Sayid Iskandarsyah saat Orientasi PWI Jaya: Bila Tak Bisa Menulis Bukan Wartawan
JAKARTA, CAKRATARA – Persatuan Wartawan Indonesia (PWI) DKI Jakarta menyelenggarakan Orientasi Wartawan calon Anggota PWI ke-10 diikuti 25 peserta yang berlangsung di Sekretariat PWI Jaya Gedung Prasada Sasana Karya, Jakarta Pusat, Rabu (23/6/2021).
Kegiatan orientasi calon Anggota PWI Jaya DKI Jakarta ini hanya diikuti sebanyak 25 peserta mengingat penerapan protokol kesehatan Covid-19 yang ketat.
Hal itu menjadi bagian yang harus diperhatikan, seperti peserta wajib menjaga jarak, menggunakan masker serta menyiapkan hand sanitizer.
Dalam kegiatan tersebut, materi Pedoman Dasar/Pedoman Rumah Tangga PWI disampaikan oleh Wakil Ketua Bidang Organisasi PWI Jaya Irmanto. Kode Etik Jurnalistik (KEJ), UU nomor 40 tahun 1999 tentang pers dan pedoman atau hukum terkait pers, seperti Pedoman Pemberitaan Media Siber (PPMS), Pedoman Pemberitaan Ramah Anak (PPRA) disampaikan oleh Bendahara PWI Jaya Iqbal Irsyad, serta teknik penulisan/Essay disampaikan oleh Wakil Ketua Bidang Pendidian PWI Jaya Budi Nugraha.

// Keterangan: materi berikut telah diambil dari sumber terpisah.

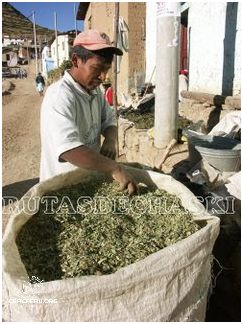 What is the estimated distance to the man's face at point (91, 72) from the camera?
220cm

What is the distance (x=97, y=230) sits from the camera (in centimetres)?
189

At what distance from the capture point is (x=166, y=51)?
15.4 feet

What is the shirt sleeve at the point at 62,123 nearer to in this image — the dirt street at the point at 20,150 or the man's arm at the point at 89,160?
the man's arm at the point at 89,160

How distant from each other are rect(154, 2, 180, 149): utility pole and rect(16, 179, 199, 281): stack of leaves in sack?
Answer: 2.75m

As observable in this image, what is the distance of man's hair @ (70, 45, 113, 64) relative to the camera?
2.18 metres

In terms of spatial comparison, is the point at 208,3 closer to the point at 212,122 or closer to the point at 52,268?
the point at 212,122

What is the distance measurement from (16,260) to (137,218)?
69cm

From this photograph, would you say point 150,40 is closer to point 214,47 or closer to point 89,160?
point 214,47

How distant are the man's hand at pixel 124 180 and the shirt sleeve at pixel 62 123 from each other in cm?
26

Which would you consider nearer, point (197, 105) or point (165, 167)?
point (165, 167)

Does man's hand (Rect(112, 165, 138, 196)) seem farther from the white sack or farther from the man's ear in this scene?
the man's ear

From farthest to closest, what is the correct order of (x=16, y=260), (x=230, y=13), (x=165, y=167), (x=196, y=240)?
1. (x=230, y=13)
2. (x=165, y=167)
3. (x=196, y=240)
4. (x=16, y=260)

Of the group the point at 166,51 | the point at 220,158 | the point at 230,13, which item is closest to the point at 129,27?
the point at 230,13

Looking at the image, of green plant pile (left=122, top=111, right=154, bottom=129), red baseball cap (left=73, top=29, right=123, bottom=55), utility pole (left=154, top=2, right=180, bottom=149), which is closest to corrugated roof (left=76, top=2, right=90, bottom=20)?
green plant pile (left=122, top=111, right=154, bottom=129) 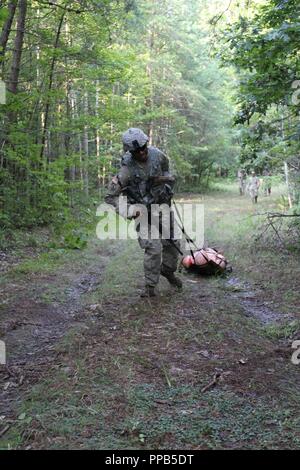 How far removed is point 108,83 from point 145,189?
892cm

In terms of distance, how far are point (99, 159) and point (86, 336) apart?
10.4m

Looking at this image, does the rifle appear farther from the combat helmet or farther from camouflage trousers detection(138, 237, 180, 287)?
Result: camouflage trousers detection(138, 237, 180, 287)

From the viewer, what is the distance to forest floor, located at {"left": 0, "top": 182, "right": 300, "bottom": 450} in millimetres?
3174

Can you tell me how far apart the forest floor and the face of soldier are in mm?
1966

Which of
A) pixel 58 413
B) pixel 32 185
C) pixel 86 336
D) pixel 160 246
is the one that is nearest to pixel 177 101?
pixel 32 185

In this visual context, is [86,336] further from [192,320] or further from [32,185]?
[32,185]

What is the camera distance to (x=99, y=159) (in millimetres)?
14883

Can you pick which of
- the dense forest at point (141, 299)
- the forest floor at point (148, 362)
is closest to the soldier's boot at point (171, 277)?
the dense forest at point (141, 299)

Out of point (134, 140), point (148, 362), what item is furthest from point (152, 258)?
point (148, 362)

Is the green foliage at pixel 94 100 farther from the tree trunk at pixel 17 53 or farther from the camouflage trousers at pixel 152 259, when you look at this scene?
the camouflage trousers at pixel 152 259

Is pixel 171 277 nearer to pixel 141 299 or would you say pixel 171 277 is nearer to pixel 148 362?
pixel 141 299

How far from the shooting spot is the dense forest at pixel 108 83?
26.0 feet

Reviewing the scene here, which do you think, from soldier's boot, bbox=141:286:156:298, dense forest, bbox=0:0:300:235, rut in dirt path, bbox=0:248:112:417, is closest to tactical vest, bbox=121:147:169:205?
soldier's boot, bbox=141:286:156:298

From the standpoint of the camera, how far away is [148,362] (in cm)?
434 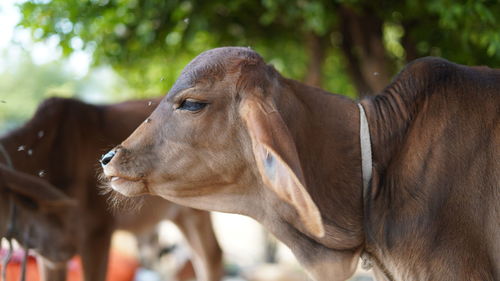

Ketua PWI Jaya, Sayid Iskandarsyah mengungkapkan, orientasi yang diselenggarakan ini sangat bermanfaat bagi para wartawan, terutama bagaimana seorang wartawan tersebut berorganisasi, dan wartawan itu bebas untuk memilih organisasi yang diinginkan.
“Bagi para wartawan yang ikut berorganisasi di PWI ini jangan hanya untuk mendapatkan legalitas atau identitas saja,” tegas Sayid.
Dalam konteks tersebut, Sayid menyesalkan masih ada saja pelanggaran yang dilalukan oleh Wartawan Anggota PWI.
“Kartu PWI itu bukan untuk menakut-nakuti atau menekan orang lain bila ada kesalahannya. Kartu PWI ini sebagai identitas kita sebagai anggota di dalam organisasi wartawan,” tegasnya.
Dikatakannya, seorang wartawan juga diatur dalam kode etik perilaku dalam menjalankan profesinya. Sayid juga meminta para peserta agar menjalankan profesi wartawan dengan benar sesuai dengan kode etik.
Untuk itu, ia berharap materi yang disampaikan oleh narasumber ini dapat bermanfaat bagi para wartawan dalam menjalankan tugasnya di lapangan. Apalagi, kata dia seorang wartawan itu menjalankan fungsi sosial kontrol.
“Setelah mendapat berbagai pelatihan kami himbau kepada para wartawan agar mematuhi berbagai pedoman pemberitaan dalam menulis berita maupun melaksanakan kegiatan jurnalistiknya,” pesan Sayid.
“Selain itu kami menilai apabila wartawan tidak bisa menulis berita berarti bukan seorang wartawan,” tutupnya.